O ator levanta questões de transparência e a imparcialidade do processo de nomeação e votação na Academia Portuguesa de Cinema, deixando por isso quatro medidas necessárias imediatas:
“a) Haja uma reestruturação dos organizadores e órgãos sociais da Academia, (que são todos brancos), para incluir uma gama mais representativa de vozes e etnias, que façam melhor justiça ao cinema português e aos seus profissionais;
b) Seja feita uma revisão e reestruturação completa da plataforma de votação para os Prémios Sophia como um esforço para, de forma comprovável e mais transparente, aceitar e validar apenas os votos dos membros que realmente veem os filmes em que estão a votar, quer na sua totalidade ou por um número mínimo de minutos previamente acordado e aceite pelos membros da Academia;
c) Seja contratada uma empresa independente para contar e verificar com exatidão de forma privada e responsável os votos para os Prémios Sophia, (tal como é a norma em outras cerimónias do género em todo o mundo), evitando assim a potencial manipulação de votos por parte dos organizadores da Academia e desta forma mitigar também os efeitos da dinâmica de poder que inevitável e injustamente, direta e/ou indiretamente, influencia quem é reconhecido pela organização ano após ano;
d) Seja criada uma plataforma gerida por terceiros e para que os membros possam, de forma anónima e segura, reportar quaisquer abusos, corrupção, subornos e favoritismos dentro da Academia para que possam ser devidamente investigados.”
Edgar Morais termina o comunicado desejando que Portugal “venha a ter a Academia que merece, uma organização legítima de prestígio e honra para a comunidade cinematográfica portuguesa.”. A Academia Portuguesa de Cinema ainda não se pronunciou publicamente sobre a desfiliação de Edgar Morais.
Em 2020, a Academia Portuguesa foi alvo de polémica por uma situação idêntica: duas irmãs gémeas, mas apenas uma é nomeada. Na 8.ª edição dos Prémios Sophia apenas a atriz Anabela Moreira foi nomeada pelo filme “Diamantino” à categoria de Melhor Atriz Secundária, deixando de parte a irmã gémea e também atriz Margarida Moreira. No entanto, a Academia reconheceu logo o erro e nomeou as duas atrizes à mesma categoria.

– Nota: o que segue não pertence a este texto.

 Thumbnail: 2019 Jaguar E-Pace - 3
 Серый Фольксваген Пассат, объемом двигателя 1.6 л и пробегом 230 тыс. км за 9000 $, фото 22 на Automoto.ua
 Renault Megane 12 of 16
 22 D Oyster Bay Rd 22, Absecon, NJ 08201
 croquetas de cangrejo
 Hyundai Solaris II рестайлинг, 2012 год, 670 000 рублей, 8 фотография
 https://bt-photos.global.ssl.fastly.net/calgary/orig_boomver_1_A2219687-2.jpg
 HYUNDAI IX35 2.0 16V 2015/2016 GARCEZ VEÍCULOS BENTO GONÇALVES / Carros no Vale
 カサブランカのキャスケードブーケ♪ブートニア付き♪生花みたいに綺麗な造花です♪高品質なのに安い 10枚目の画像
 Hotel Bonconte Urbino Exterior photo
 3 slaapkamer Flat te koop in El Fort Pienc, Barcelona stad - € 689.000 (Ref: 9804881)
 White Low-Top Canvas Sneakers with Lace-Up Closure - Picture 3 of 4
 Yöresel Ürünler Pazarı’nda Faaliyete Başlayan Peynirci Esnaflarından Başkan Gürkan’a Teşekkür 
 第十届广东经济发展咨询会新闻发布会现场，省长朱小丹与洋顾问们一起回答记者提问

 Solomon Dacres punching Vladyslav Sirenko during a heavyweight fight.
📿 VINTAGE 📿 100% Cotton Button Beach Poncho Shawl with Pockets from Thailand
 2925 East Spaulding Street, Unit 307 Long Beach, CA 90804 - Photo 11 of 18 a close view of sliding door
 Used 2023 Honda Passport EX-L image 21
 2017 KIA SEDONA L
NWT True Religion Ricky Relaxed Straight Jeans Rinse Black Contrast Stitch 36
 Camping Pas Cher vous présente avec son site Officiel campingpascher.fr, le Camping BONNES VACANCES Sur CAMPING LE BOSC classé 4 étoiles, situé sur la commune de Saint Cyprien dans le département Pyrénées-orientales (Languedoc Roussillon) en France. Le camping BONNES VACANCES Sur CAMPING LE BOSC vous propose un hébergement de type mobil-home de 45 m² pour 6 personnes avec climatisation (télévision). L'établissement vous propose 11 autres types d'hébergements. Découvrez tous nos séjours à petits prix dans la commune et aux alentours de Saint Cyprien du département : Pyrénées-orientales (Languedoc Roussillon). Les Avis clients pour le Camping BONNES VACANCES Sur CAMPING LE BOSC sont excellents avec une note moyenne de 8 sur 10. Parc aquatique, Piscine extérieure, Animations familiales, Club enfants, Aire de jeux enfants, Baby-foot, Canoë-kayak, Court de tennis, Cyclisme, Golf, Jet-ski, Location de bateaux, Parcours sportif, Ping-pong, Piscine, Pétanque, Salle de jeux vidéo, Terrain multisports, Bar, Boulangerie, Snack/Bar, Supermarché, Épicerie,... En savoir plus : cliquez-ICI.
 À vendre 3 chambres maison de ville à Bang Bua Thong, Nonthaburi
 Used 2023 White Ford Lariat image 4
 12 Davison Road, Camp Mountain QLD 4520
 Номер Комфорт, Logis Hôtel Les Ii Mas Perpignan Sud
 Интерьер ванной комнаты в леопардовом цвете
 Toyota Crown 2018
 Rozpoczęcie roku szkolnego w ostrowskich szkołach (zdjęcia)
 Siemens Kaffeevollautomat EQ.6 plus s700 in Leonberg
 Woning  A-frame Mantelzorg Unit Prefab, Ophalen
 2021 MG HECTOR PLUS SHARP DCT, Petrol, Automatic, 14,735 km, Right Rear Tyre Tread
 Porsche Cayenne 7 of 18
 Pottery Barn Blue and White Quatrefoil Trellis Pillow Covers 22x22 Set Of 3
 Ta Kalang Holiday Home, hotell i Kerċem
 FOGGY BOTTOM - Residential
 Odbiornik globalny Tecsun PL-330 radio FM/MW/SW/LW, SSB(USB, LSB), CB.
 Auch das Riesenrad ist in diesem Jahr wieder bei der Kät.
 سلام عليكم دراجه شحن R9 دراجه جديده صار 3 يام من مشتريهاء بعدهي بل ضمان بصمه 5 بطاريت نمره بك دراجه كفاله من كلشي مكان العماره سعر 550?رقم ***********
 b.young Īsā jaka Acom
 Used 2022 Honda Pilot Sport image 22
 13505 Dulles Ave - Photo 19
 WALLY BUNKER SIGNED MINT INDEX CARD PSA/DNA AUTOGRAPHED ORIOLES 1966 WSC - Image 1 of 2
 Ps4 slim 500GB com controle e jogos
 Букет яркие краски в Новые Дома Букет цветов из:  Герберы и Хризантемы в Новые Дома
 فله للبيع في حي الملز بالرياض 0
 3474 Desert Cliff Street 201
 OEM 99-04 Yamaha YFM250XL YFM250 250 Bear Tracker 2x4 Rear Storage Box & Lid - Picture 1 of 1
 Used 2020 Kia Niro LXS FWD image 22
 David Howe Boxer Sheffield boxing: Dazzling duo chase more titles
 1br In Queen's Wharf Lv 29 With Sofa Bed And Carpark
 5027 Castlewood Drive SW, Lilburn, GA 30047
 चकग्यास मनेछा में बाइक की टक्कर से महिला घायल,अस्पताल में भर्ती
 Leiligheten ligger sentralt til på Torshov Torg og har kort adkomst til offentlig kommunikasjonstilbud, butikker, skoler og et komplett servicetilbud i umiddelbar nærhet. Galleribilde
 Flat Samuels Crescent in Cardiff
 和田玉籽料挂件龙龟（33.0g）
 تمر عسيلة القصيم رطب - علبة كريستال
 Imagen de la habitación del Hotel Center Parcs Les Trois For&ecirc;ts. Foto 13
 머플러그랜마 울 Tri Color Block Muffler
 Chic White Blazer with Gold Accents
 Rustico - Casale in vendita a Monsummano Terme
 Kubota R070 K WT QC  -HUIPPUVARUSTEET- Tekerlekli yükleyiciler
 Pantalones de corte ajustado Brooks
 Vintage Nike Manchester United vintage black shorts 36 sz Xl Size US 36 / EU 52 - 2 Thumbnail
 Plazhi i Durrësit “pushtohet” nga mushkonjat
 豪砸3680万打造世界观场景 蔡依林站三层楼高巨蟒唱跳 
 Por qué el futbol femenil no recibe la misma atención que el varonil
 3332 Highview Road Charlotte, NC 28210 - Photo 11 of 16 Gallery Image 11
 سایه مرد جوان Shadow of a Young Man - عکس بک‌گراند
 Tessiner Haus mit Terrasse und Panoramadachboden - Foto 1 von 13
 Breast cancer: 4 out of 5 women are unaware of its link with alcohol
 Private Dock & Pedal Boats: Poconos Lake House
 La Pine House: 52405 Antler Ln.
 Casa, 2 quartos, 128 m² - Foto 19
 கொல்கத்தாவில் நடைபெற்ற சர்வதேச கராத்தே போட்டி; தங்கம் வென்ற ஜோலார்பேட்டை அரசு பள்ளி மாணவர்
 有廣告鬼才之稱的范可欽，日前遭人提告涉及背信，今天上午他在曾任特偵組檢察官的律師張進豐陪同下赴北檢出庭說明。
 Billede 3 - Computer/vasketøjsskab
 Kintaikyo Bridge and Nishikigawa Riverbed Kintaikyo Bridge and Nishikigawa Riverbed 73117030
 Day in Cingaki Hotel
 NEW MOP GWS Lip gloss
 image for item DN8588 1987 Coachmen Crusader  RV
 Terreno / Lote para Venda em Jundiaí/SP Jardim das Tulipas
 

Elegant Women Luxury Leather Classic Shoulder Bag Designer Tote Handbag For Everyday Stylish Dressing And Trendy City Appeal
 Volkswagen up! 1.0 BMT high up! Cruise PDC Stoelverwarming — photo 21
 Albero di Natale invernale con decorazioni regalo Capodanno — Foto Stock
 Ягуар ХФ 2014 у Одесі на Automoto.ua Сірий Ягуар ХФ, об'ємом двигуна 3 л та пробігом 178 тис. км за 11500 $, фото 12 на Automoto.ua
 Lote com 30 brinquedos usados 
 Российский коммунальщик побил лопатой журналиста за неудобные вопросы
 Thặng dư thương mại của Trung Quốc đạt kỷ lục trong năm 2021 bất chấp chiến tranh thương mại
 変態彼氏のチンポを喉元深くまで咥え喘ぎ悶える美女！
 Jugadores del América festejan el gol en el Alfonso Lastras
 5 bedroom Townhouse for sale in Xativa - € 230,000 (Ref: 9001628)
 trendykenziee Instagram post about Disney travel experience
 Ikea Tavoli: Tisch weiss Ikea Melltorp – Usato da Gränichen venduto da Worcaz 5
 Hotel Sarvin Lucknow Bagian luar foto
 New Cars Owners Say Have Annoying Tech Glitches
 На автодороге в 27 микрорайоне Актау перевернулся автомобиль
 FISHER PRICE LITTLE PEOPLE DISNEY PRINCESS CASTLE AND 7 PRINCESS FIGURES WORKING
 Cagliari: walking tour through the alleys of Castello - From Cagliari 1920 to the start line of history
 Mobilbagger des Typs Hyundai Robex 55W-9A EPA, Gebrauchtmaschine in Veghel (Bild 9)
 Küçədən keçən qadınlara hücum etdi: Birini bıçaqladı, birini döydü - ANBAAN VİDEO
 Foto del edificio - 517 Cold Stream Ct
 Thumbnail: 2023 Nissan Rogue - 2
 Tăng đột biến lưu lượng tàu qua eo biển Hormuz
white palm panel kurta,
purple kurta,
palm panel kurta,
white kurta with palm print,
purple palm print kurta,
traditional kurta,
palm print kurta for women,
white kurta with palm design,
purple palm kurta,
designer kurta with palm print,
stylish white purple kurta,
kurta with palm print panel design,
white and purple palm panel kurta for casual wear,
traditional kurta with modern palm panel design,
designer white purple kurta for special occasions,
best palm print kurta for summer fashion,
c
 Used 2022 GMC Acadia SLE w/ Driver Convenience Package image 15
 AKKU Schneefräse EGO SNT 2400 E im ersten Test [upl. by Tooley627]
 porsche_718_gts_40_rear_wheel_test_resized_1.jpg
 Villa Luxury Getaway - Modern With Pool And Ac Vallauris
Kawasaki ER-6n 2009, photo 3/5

Estreado em outubro de 2024 nas salas de cinema portuguesas, “Um Café e um Par de Sapatos Novos” é um drama inspirado numa história verídica sobre dois irmãos gémeos surdos-mudos que descobrem uma doença genética rara que imporá uma iminente cegueira progressiva e irreversível nas suas vidas. O filme tem sido reconhecido em diversos festivais internacionais, tendo conquistado vários prémios para ambos os atores protagonistas. Esta foi a primeira vez que os irmãos Edgar e Rafael trabalharam juntos enquanto protagonistas: “Foi também a primeira vez que trabalhei profissionalmente com o Rafael num projeto enquanto protagonistas; já tínhamos trabalhado juntos, mas nada assim deste nível. Sim, houve bastante do Edgar e do Rafael nas personagens.”, afirmava o ator Edgar Morais em entrevista ao Cinema Sétima Arte.
O ator Edgar Morais é conhecido sobretudo pelo seu trabalho em filmes como “Daqui P’ra Frente” (2007), “Restos do Vento” (2022) e “O Pior Homem de Londres” (2024), mas também como realizador de duas curtas-metragens. Edgar está a realizar a sua primeira longa-metragem “You Above All”, protagonizada por Anabela Moreira e Rita Blanco, que se encontra em fase de pós-produção.